Here is the definition of class.
case class myClass( d : Int , max : Double , min : Double , f: (List[Double],Double) => Double ) extends Serializable {
val random = new Random()
var pos : Array[Double] = Array.fill ( d ) ( random.nextDouble()*(max-min)+min )
var vel : Array[Double] = Array.fill ( d ) ( math.random)
var PR : Double = 0.1 //Rate
var LR : Double = 0.95
var fitness : Double = f (this.pos.toList ,0)
val Band : Double = 0.001
//Functions definition
def move ( l_Best : Array [ Double ] , sumL : Double , size : Int , f : ( List [ Double ] ,Double ) => Double ) : ( Array [ Double ] , Double ) = {
val f = math.random
val temp1 = ElementsWiseSubtract ( pos , l_Best )
val temp2 = temp1.map ( _ * freq )
val newVel = ElementsWiseSum ( temp2 , vel ) // vel == this.vel
var newPos = ElementsWiseSum ( pos , newVel ) // pos == this.pos
if ( math.random > this.PR ) {
newPos = l_Best.map ( _ * ( Band * ( sumL / size ) ) ).toArray
}
val nFit = f ( newPos.toList , 0 )
( newPos , nFit )
}
def ElementsWiseSum ( arr : Array[Double] , arr1 : Array[Double] ) : Array [Double] = {
var res : Array[ Double ] = Array()
if ( arr.length == 1 )
res = Array ( arr.head + arr1.head )
else
res = ElementsWiseSum ( arr.slice(0, arr.length/2) ,arr1.slice(0, arr1.length/2) ) ++
ElementsWiseSum ( arr.slice(arr.length/2, arr.length ) , arr1.slice( arr1.length/2 , arr1.length) )
res
}
def ElementsWiseSubtract ( arr :Array[Double] , arr1 :Array[Double] ) : Array [Double] = {
var res : Array[ Double ] = Array()
if ( arr.length == 1 )
res = Array ( arr.head - arr1.head )
else
res = ElementsWiseSubtract ( arr.slice(0, arr.length/2) ,arr1.slice(0, arr1.length/2) ) ++
ElementsWiseSubtract ( arr.slice ( arr.length / 2, arr.length ) , arr1.slice ( arr1.length / 2 , arr1.length ) )
res
}
}
Main function definition and creation of RDD is:
@tailrec
final def Sphere ( Alleles:List[Double] , accumulator:Double ) : Double = Alleles match {
case Nil => accumulator
case x :: xs => Sphere ( xs , accumulator + Math.pow ( x , 2 ) )
}
val N = 10000 // population size
val d = 10000 // dimensions
val nP = 20 // partitions
val iterations = 100000 // total iterations.

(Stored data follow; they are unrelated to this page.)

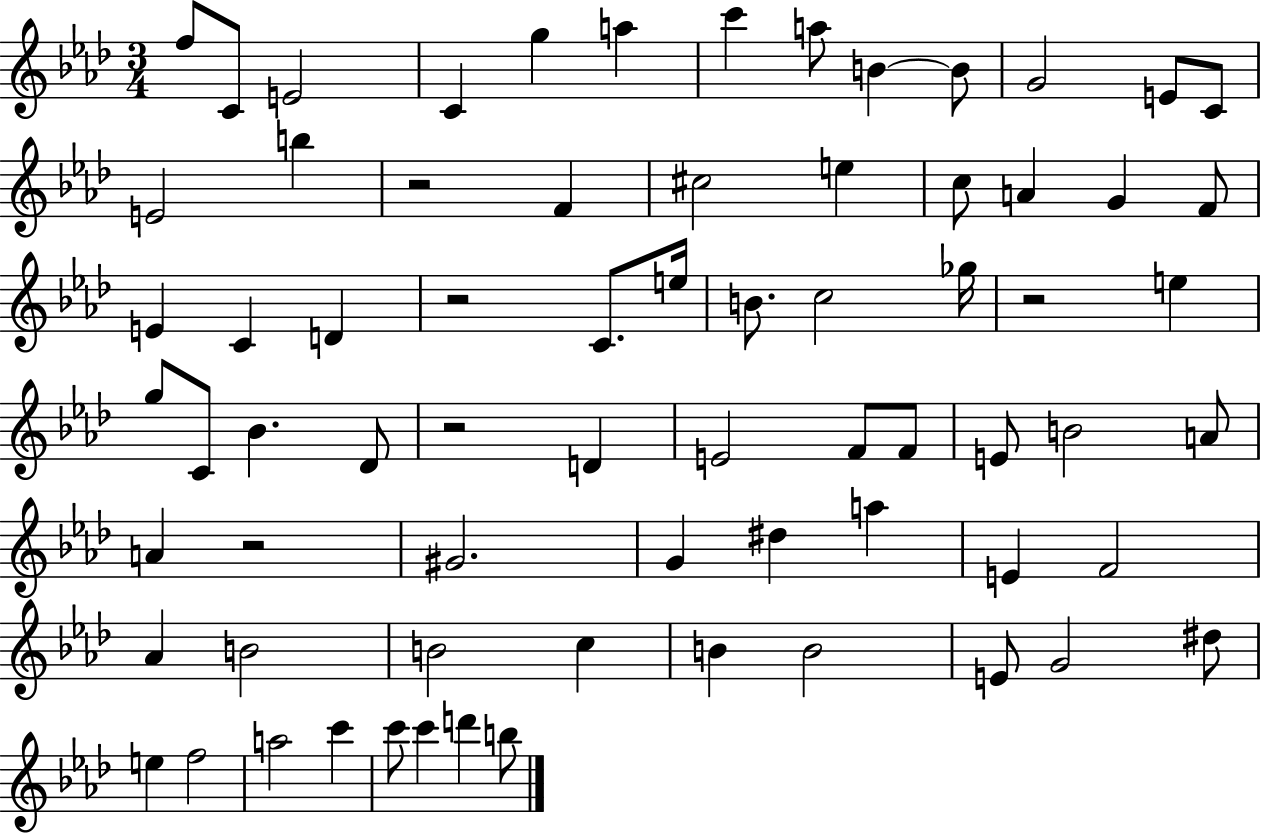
{
  \clef treble
  \numericTimeSignature
  \time 3/4
  \key aes \major
  \repeat volta 2 { f''8 c'8 e'2 | c'4 g''4 a''4 | c'''4 a''8 b'4~~ b'8 | g'2 e'8 c'8 | \break e'2 b''4 | r2 f'4 | cis''2 e''4 | c''8 a'4 g'4 f'8 | \break e'4 c'4 d'4 | r2 c'8. e''16 | b'8. c''2 ges''16 | r2 e''4 | \break g''8 c'8 bes'4. des'8 | r2 d'4 | e'2 f'8 f'8 | e'8 b'2 a'8 | \break a'4 r2 | gis'2. | g'4 dis''4 a''4 | e'4 f'2 | \break aes'4 b'2 | b'2 c''4 | b'4 b'2 | e'8 g'2 dis''8 | \break e''4 f''2 | a''2 c'''4 | c'''8 c'''4 d'''4 b''8 | } \bar "|."
}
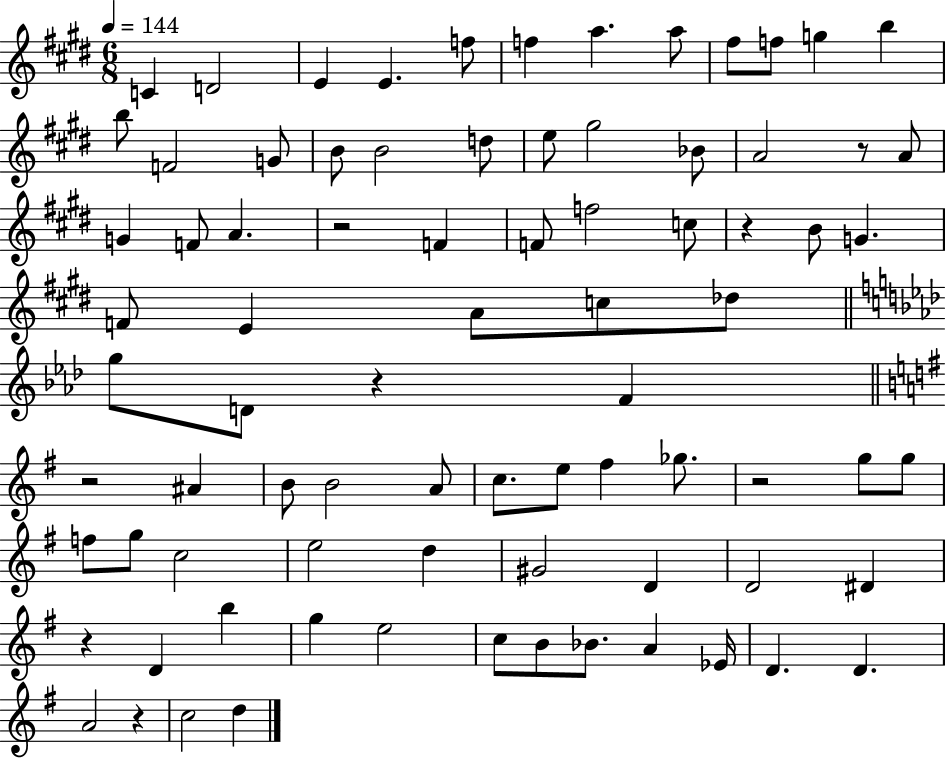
C4/q D4/h E4/q E4/q. F5/e F5/q A5/q. A5/e F#5/e F5/e G5/q B5/q B5/e F4/h G4/e B4/e B4/h D5/e E5/e G#5/h Bb4/e A4/h R/e A4/e G4/q F4/e A4/q. R/h F4/q F4/e F5/h C5/e R/q B4/e G4/q. F4/e E4/q A4/e C5/e Db5/e G5/e D4/e R/q F4/q R/h A#4/q B4/e B4/h A4/e C5/e. E5/e F#5/q Gb5/e. R/h G5/e G5/e F5/e G5/e C5/h E5/h D5/q G#4/h D4/q D4/h D#4/q R/q D4/q B5/q G5/q E5/h C5/e B4/e Bb4/e. A4/q Eb4/s D4/q. D4/q. A4/h R/q C5/h D5/q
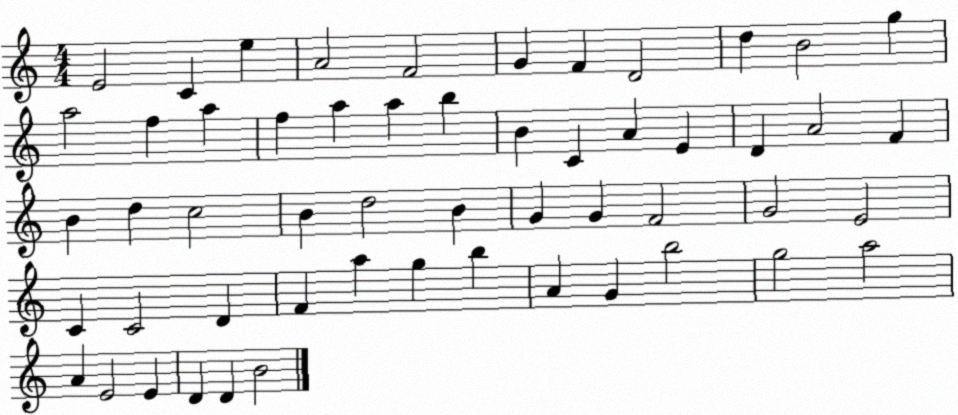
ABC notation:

X:1
T:Untitled
M:4/4
L:1/4
K:C
E2 C e A2 F2 G F D2 d B2 g a2 f a f a a b B C A E D A2 F B d c2 B d2 B G G F2 G2 E2 C C2 D F a g b A G b2 g2 a2 A E2 E D D B2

This could be less more
val RDD = sc.parallelize(0 until N , nP).mapPartitionsWithIndex{ (index,iter) =>
val data = iter.map(i =>
new myClass( d, max,min , Sphere ) )
data
}.persist(StorageLevel.MEMORY_AND_DISK)
val itr = 1
val res = RDD.mapPartitionsWithIndex {
(index, Iterator) => {
var li = Iterator.toArray
li = li.sortWith(_.fitness < _.fitness)
val res = loop(li, iterations, itr)
val bests = res.sortWith(_.fitness < _.fitness).take(5).map(x => (x, index))
bests.toIterator
}
}
@tailrec
private def loop(arr: Array[myClass], iteration: Int, itret: Int): Array[myClass] = {
iteration match {
case 0 => arr
case _ => {
arr.map { j =>
val l_Best = arr.minBy(_.fitness).pos // sort based on fitness
val l_Sum: Double = arr.map(_.LR).reduce( _ + _ ) // Calculate sum of Rate
val res = j.move(l_Best, l_Sum, arr.size, Sphere)
if (math.random < j.LR && res._2 < j.fitness) {
j.pos = res._1
j.fitness = res._2
j.LR = j.LR * 0.95
j.PR = 0.95 * (1 - math.pow(math.E, (-0.95 * itret)))
}
}
loop(arr, iteration - 1, itret + 1)
}
}
}
I tested this code on 4 node cluster For N = 100 and d = 100. It takes less than one minute to complete 10,000 iterations, but for N = 10,000 and d = 10,000, it took 19 hours to complete just 500 iterations.
According to my observations, functions that do element-wise operations inside myClass class taking a long time. How can I increase its speed? Please give some suggestion. I want to execute it with the following configurations.
N = 10,000 ,d = 10,000 and iterations = 1000000000 (1 billion )
Upvotes: 0
Views: 147
Reputation: 1380
You can greatly simplify your element-wise operations, e.g.:
def ElementsWiseSubtract ( arr :Array[Double] , arr1 :Array[Double] ) : Array [Double] = arr.zip(arr1).map(x => x._1 - x._2)
Upvotes: 3